Pair Corralation between Apple and ALR Technologies

Given the investment horizon of 90 days Apple is expected to generate 10.23 times less return on investment than ALR Technologies. But when comparing it to its historical volatility, Apple Inc is 12.25 times less risky than ALR Technologies. It trades about 0.07 of its potential returns per unit of risk. ALR Technologies is currently generating about 0.06 of returns per unit of risk over similar time horizon. If you would invest  2.00  in ALR Technologies on October 5, 2024 and sell it today you would lose (1.25) from holding ALR Technologies or give up 62.5% of portfolio value over 90 days.
Time Period3 Months [change]
DirectionMoves Against 
StrengthWeak
Accuracy100.0%
ValuesDaily Returns

Apple Inc  vs.  ALR Technologies

 Performance 
       Timeline  
Apple Inc 

Risk-Adjusted Performance

11 of 100

 
Weak
 
Strong
Good
Compared to the overall equity markets, risk-adjusted returns on investments in Apple Inc are ranked lower than 11 (%) of all global equities and portfolios over the last 90 days. Despite quite conflicting basic indicators, Apple may actually be approaching a critical reversion point that can send shares even higher in February 2025.
ALR Technologies 

Risk-Adjusted Performance

0 of 100

 
Weak
 
Strong
Very Weak
Over the last 90 days ALR Technologies has generated negative risk-adjusted returns adding no value to investors with long positions. Despite weak performance in the last few months, the Stock's basic indicators remain nearly stable which may send shares a bit higher in February 2025. The current disturbance may also be a sign of long-run up-swing for the company stockholders.

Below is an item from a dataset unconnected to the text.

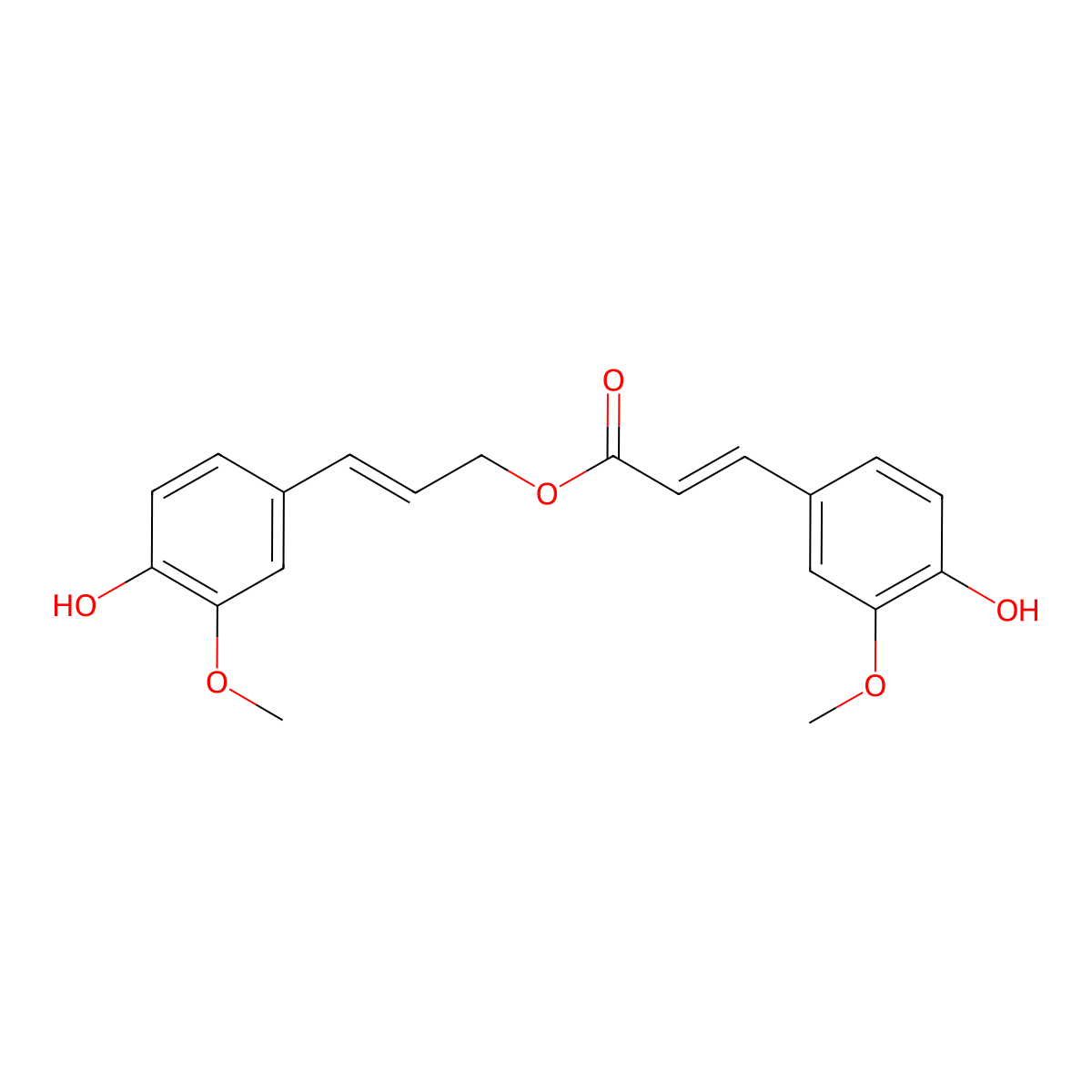 Coniferyl ferulate molecular structure, CAS 63644-62-2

Apple and ALR Technologies Volatility Contrast

   Predicted Return Density   
       Returns  

Pair Trading with Apple and ALR Technologies

The main advantage of trading using opposite Apple and ALR Technologies positions is that it hedges away some unsystematic risk. Because of two separate transactions, even if Apple position performs unexpectedly, ALR Technologies can make up some of the losses. Pair trading also minimizes risk from directional movements in the market. For example, if an entire industry or sector drops because of unexpected headlines, the short position in ALR Technologies will offset losses from the drop in ALR Technologies' long position.
The idea behind Apple Inc and ALR Technologies pairs trading is to make the combined position market-neutral, meaning the overall market's direction will not affect its win or loss (or potential downside or upside). This can be achieved by designing a pairs trade with two highly correlated stocks or equities that operate in a similar space or sector, making it possible to obtain profits through simple and relatively low-risk investment.
Check out your portfolio center.
Note that this page's information should be used as a complementary analysis to find the right mix of equity instruments to add to your existing portfolios or create a brand new portfolio. You can also try the Price Exposure Probability module to analyze equity upside and downside potential for a given time horizon across multiple markets.